4. T_{0}=22^{\circ} C \text { and } p_{0}=1 atm.
Analysis
a. The net rate at which exergy is carried out of the condenser can be evaluated by using Eq. 7.18:
e _{ f 1}- e _{ f 2}=\left(h_{1}-h_{2}\right)-T_{0}\left(s_{1}-s_{2}\right)+\frac{ V _{1}^{2}- V _{2}^{2}}{2}+g\left(z_{1}-z_{2}\right) (7.18)
\left[\begin{array}{c}\text { net rate at which exergy } \\\text { is carried out by the } \\\text { cooling water }\end{array}\right]=\dot{m}_{ cw }\left( e _{ fe }- e _{ fi }\right)
=\dot{m}_{ cw }\left[h_{ e }-h_{ i }-T_{0}\left(S_{ e }-S_{ i }\right)\right]
where \dot{m}_{ cw } is the mass flow rate of the cooling water from the solution to Example 8.2. With saturated liquid values for specific enthalpy and entropy from Table A-2 at the specified inlet and exit temperatures of the cooling water
\begin{aligned}\dot{m}_{ cw }\left( e _{ fe }- e _{ fi }\right)=&\left(9.39 \times 10^{6} kg / h \right)[(146.68-62.99) kJ / kg \\&-(295 K )(0.5053-0.2245) kJ / kg \cdot K ]\end{aligned}
=\frac{8.019 \times 10^{6} kJ / h }{|3600 s / h |}\left|\frac{1 MW }{10^{3} kJ / s }\right|=2.23 MW
Expressing this as a percentage of the exergy entering the plant with the fuel, we get (2.23/231.28)(69%) = 1%. This is the value listed in Table 8.4.

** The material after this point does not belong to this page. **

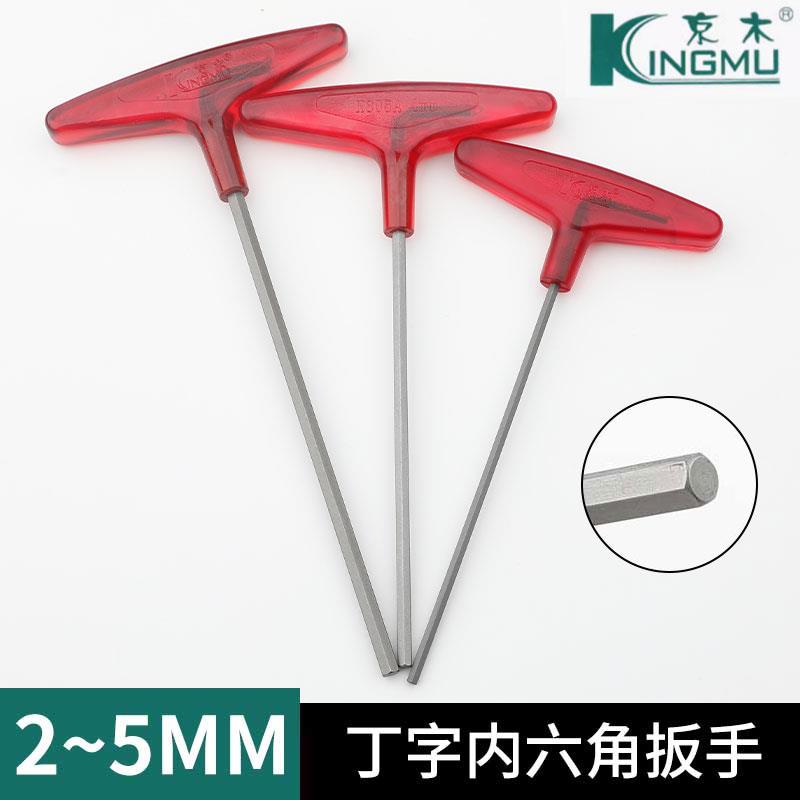 京木丁字内六角扳手手柄内六角3.0工具缝纫机维修2.5mmT型梅花2.0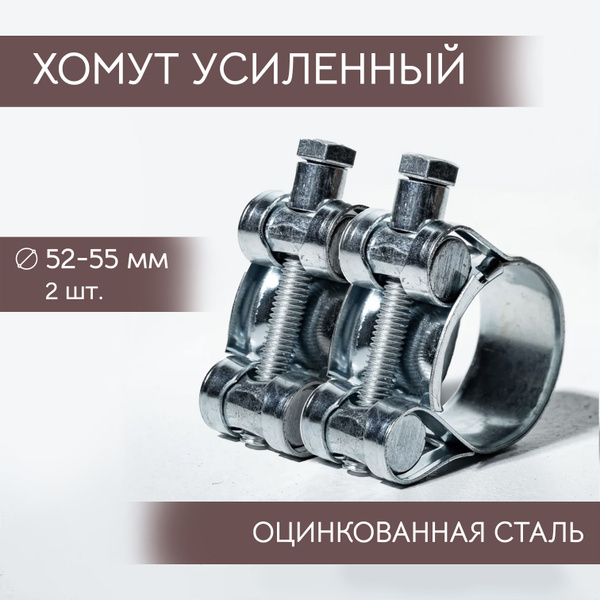 Хомут 55 мм52 - 55, 2 шт., Оцинкованная сталь - купить по выгодной цене ...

| TABLE 8.4 Vapor Power Plant Exergy Accounting^{a} |
| Outputs |
|
| Net power out^{b} |
30% |
| Losses |
|
| Condenser cooling water^{c} |
1% |
| Stack gases (assumed) |
1% |
| Exergy destruction |
|
| Boiler |
|
| Combustion unit (assumed) |
30% |
| Heat exchanger unit^{d} |
30% |
| Turbine^{e} |
5% |
| Pump^{f} |
– |
| Condenser^{g} |
3% |
| Total |
100% |
| ^{a} All values are expressed as a percentage of the exergy carried into the plant with the fuel. Values are rounded to the nearest full percent. Exergy losses associated with stray heat transfer from plant components are ignored. |
^{b}Example 8.8. |
| ^{c}Example 8.9. |
| ^{d}Example 8.7. |
| ^{e}Example 8.8. |
| ^{f}Example 8.8. |
| ^{g}Example 8.9. |
b. The rate of exergy destruction for the condenser can be evaluated by reducing the exergy rate balance. Alternatively, the relationship \dot{ E }_{d}=T_{0} \dot{\sigma}_{ cv } can be employed, where \dot{\sigma}_{ cv } is the time rate of entropy production for the condenser determined from an entropy rate balance. With either approach, the rate of exergy destruction can be expressed as
\dot{ E }_{ d }=T_{0}\left[\dot{m}\left(s_{3}-s_{2}\right)+\dot{m}_{ cw }\left(s_{ e }-s_{ i }\right)\right]
Substituting values
\begin{aligned}\dot{ E }_{ d }=& 295\left[\left(4.449 \times 10^{5}\right)(0.5926-6.2021)\right.\\&\left.+\left(9.39 \times 10^{6}\right)(0.5053-0.2245)\right]\end{aligned}
=\frac{416.1 \times 10^{5} kJ / h }{|3600 s / h |}\left|\frac{1 MW }{10^{3} kJ / s }\right|=11.56 MW
Expressing this as a percentage of the exergy entering the plant with the fuel, we get (11.56/231.28)(69%) = 3%. This is the value listed in Table 8.4.
Skills Developed
Ability to…
• perform exergy analysis of a power plant condenser.
Quick Quiz
Referring to data from Example 8.2, what percent of the energy supplied to the steam passing through the steam generator is carried out by the cooling water? Ans. 68.6%.